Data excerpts
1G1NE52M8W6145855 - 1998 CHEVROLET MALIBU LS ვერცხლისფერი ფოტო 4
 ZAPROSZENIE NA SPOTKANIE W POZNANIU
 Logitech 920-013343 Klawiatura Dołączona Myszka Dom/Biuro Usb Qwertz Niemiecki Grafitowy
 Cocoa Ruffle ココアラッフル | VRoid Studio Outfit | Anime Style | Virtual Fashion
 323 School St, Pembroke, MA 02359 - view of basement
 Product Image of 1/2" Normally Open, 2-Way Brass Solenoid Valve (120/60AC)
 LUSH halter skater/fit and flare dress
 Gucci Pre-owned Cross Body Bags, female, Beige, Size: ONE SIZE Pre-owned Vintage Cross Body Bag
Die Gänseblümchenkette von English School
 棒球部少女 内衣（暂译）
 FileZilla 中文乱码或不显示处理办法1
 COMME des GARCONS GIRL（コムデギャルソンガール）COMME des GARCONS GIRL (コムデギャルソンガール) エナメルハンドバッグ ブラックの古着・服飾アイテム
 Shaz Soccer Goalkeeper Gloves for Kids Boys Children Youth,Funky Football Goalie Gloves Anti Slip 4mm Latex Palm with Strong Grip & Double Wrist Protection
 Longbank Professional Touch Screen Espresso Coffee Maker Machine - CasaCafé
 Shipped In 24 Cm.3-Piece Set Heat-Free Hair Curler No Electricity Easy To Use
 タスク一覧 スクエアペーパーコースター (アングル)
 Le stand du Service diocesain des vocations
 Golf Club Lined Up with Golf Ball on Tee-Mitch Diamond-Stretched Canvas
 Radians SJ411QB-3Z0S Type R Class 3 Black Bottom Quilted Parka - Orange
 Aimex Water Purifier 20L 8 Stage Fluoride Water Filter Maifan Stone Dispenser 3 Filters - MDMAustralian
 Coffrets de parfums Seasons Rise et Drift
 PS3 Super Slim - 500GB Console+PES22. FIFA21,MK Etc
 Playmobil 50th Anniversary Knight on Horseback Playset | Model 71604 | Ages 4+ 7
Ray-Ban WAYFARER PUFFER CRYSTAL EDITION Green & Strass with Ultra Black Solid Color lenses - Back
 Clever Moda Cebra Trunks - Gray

*Goal of the exercise*. Scan the data above. Return every line with "Black" in it.

*Your response*.
 Radians SJ411QB-3Z0S Type R Class 3 Black Bottom Quilted Parka - Orange
Ray-Ban WAYFARER PUFFER CRYSTAL EDITION Green & Strass with Ultra Black Solid Color lenses - Back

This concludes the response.